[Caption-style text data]
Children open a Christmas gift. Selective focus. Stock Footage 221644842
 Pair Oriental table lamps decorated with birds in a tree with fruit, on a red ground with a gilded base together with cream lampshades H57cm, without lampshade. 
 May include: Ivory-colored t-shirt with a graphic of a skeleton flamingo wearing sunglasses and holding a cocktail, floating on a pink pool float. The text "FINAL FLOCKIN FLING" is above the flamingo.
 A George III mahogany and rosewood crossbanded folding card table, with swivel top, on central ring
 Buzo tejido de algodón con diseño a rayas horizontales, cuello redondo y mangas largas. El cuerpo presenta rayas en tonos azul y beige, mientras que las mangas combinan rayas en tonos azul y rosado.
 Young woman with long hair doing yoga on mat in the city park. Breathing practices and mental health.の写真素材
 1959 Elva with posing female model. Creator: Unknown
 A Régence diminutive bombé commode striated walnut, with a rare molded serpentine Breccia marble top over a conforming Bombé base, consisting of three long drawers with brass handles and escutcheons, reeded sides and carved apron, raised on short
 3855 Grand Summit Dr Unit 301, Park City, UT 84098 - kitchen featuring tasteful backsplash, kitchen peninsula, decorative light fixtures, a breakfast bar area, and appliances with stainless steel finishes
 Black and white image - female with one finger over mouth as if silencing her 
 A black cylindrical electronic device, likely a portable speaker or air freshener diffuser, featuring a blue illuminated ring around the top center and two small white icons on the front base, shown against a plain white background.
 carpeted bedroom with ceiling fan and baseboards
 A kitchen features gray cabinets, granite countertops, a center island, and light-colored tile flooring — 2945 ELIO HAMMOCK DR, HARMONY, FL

◆ EXERCISE DETAILS:
Could you return exactly the lines above from the line with "Black and white" to the line with "carpeted bedroom with", both included, and nothing else?

◆ SOLUTION TO THE PROBLEM:
 Black and white image - female with one finger over mouth as if silencing her 
 A black cylindrical electronic device, likely a portable speaker or air freshener diffuser, featuring a blue illuminated ring around the top center and two small white icons on the front base, shown against a plain white background.
 carpeted bedroom with ceiling fan and baseboards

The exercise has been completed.